» **Aim of the exercise**:
Every line below from the one containing "Rhythm Heaven Fever - Karate Man" through the one containing "Image for Ultimate" must be transcribed exactly. Omit all lines outside that stretch.

» **Material shown**:
'''
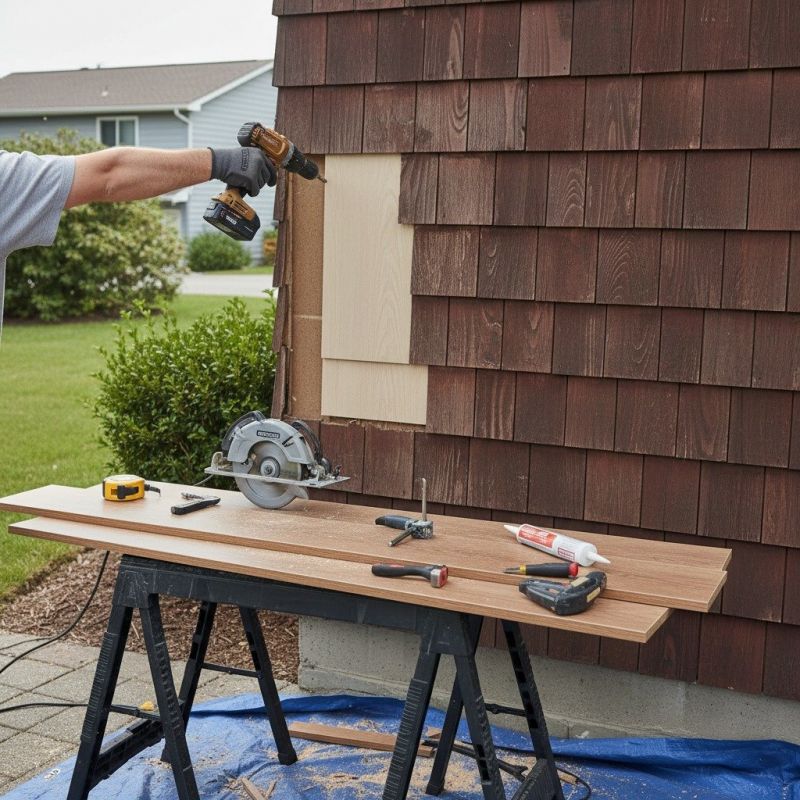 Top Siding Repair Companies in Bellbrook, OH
'''
'''
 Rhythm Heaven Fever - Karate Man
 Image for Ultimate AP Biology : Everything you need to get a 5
'''
» **Exercise output**:
 Rhythm Heaven Fever - Karate Man
 Image for Ultimate AP Biology : Everything you need to get a 5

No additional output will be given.